[EXERCISE DATA]
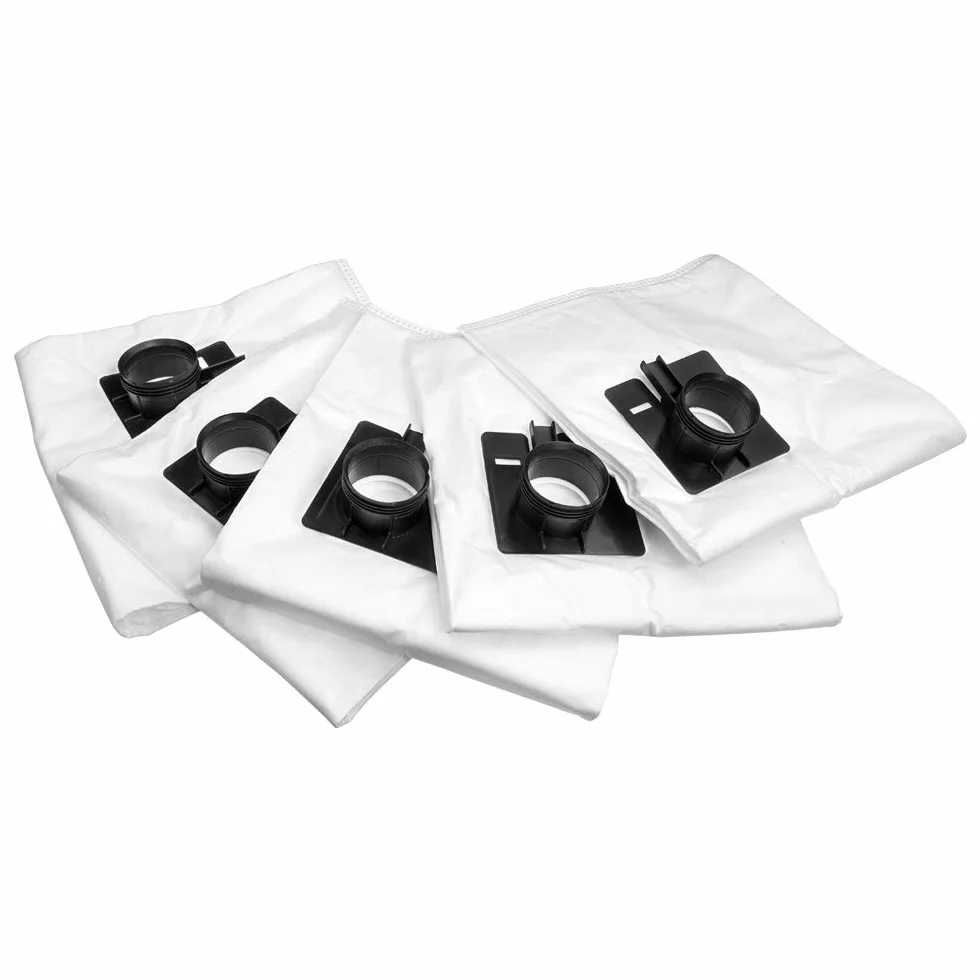 5 bolsas para aspiradora Festool CT/CTL/CTM 22 de Microflies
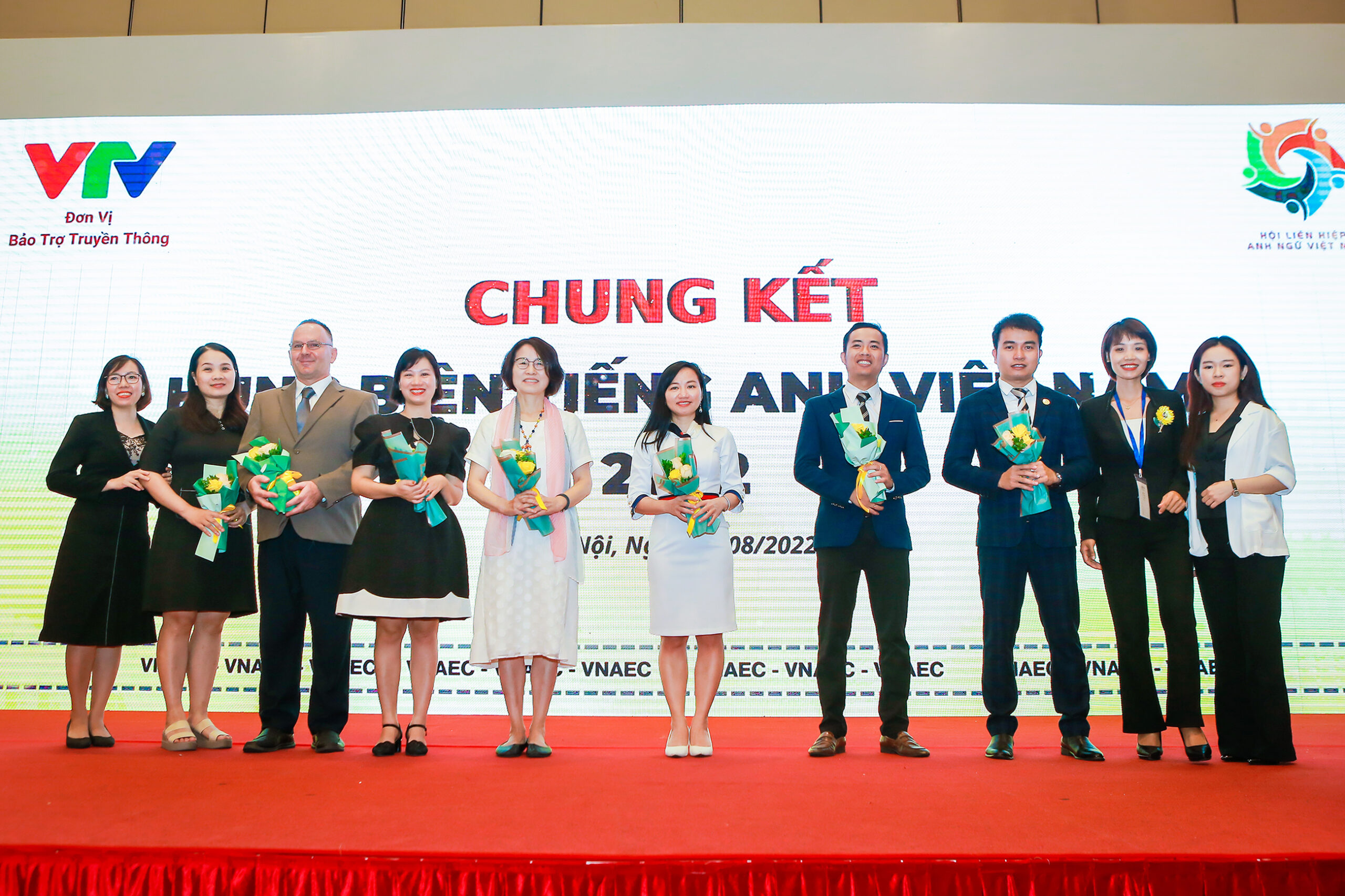 Khởi động Cuộc thi Chung kết Hùng biện tiếng Anh toàn quốc 2022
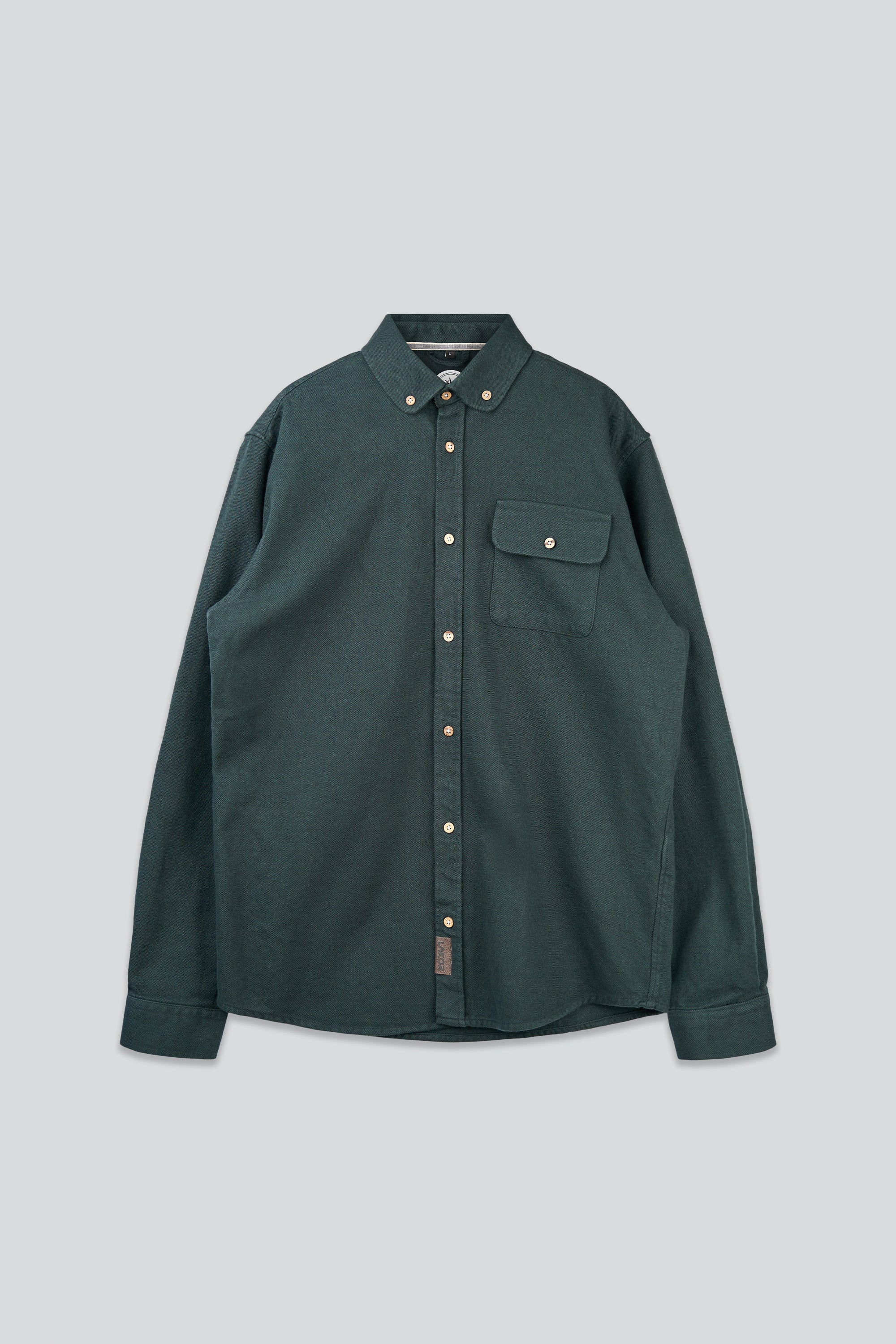 Moss Shirt (Green Gables)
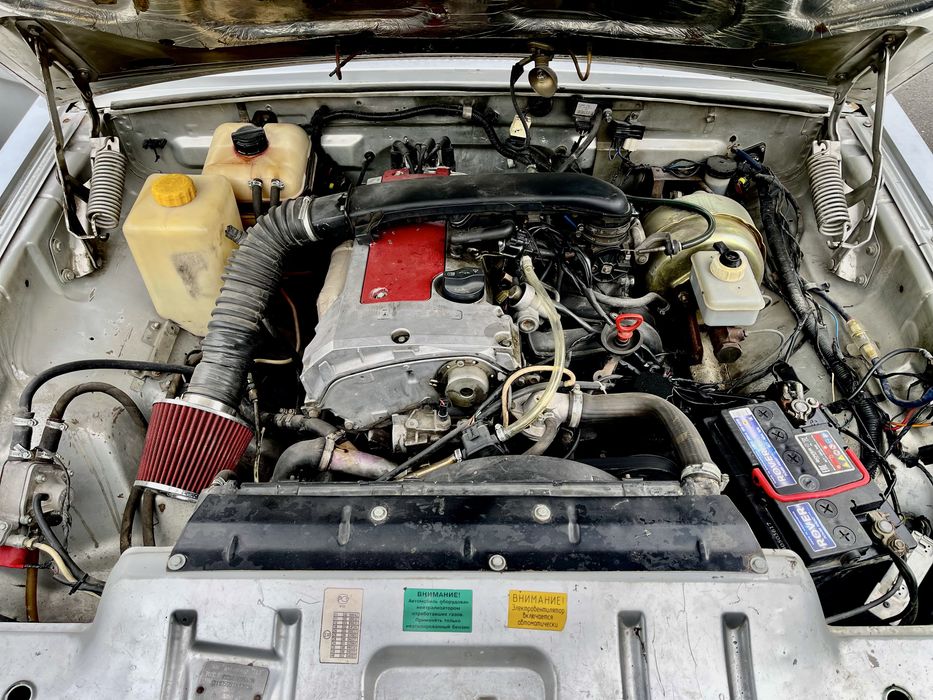 Volga 31105 / 111 mers mator karopka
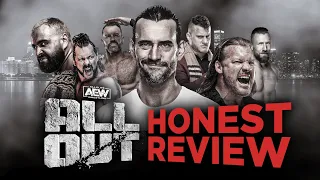 AEW All Out 2021 Full Show Review: CM Punk IN RING RETURN, Adam Cole & Bryan Danielson AEW Debut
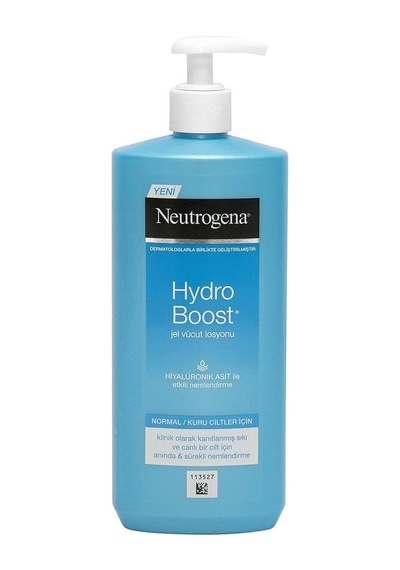 Tr Hydro Boost Jel Vücut Losyonu, 400ml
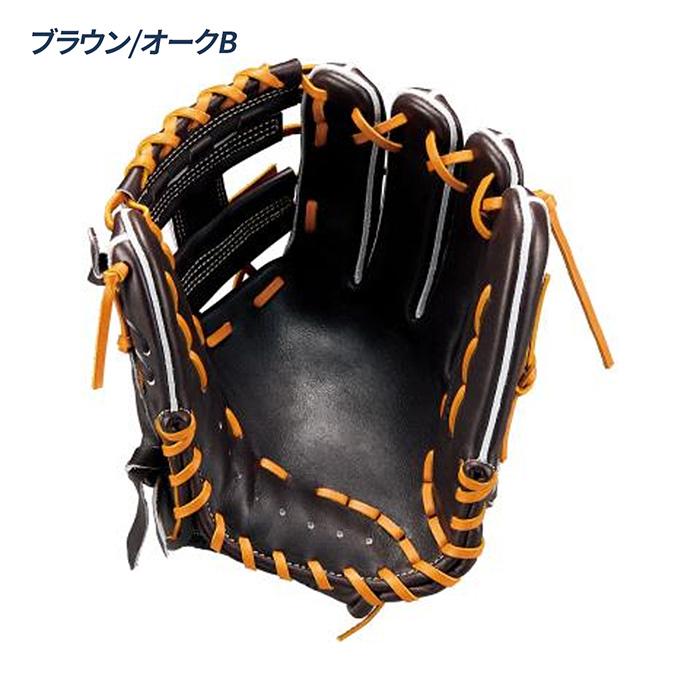 ゼット（ZETT） 野球 グローブ 硬式 内野手用 高校野球対応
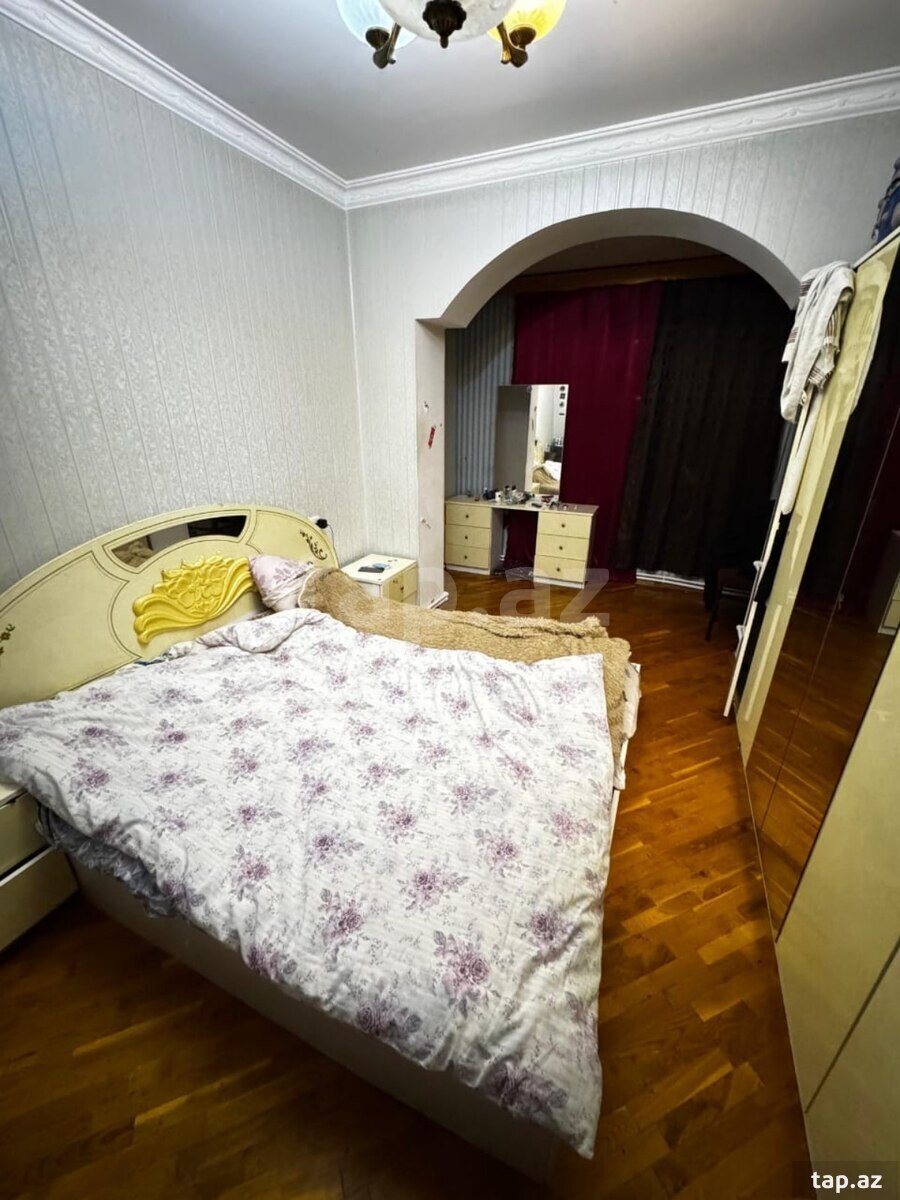 2-otaqlı mənzil kirayə verilir, Azadlıq pr., 80 m² (3)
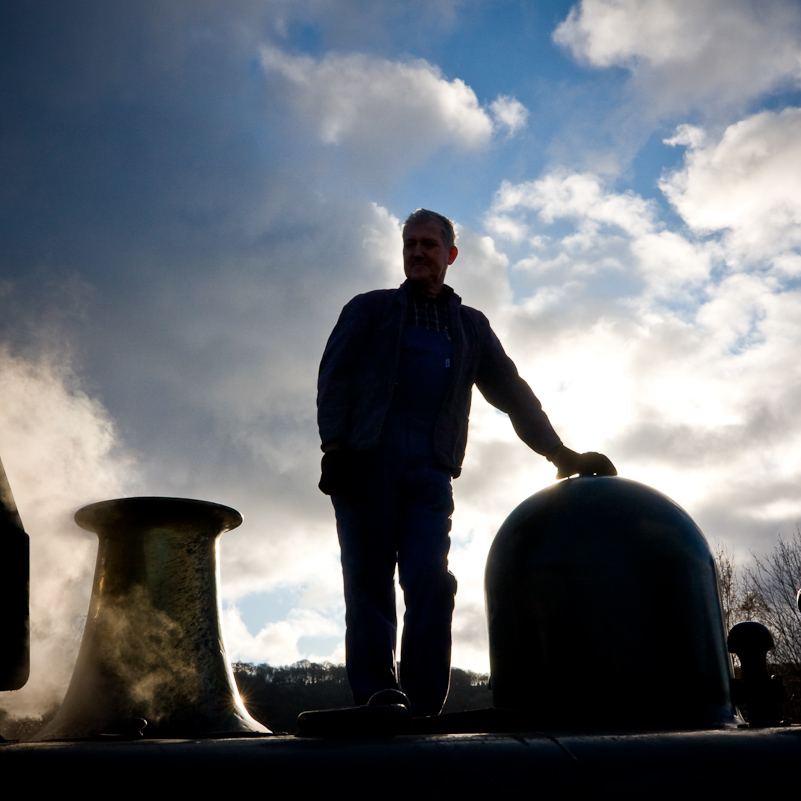 Chinnor - 27 December 2009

[AIM OF THE TASK] Would you reproduce each line of the material exactly, omitting the images?

[WRITTEN ANSWER]
 5 bolsas para aspiradora Festool CT/CTL/CTM 22 de Microflies
 Khởi động Cuộc thi Chung kết Hùng biện tiếng Anh toàn quốc 2022
 Moss Shirt (Green Gables)
 Volga 31105 / 111 mers mator karopka
 AEW All Out 2021 Full Show Review: CM Punk IN RING RETURN, Adam Cole & Bryan Danielson AEW Debut
 Tr Hydro Boost Jel Vücut Losyonu, 400ml
 ゼット（ZETT） 野球 グローブ 硬式 内野手用 高校野球対応
 2-otaqlı mənzil kirayə verilir, Azadlıq pr., 80 m² (3)
 Chinnor - 27 December 2009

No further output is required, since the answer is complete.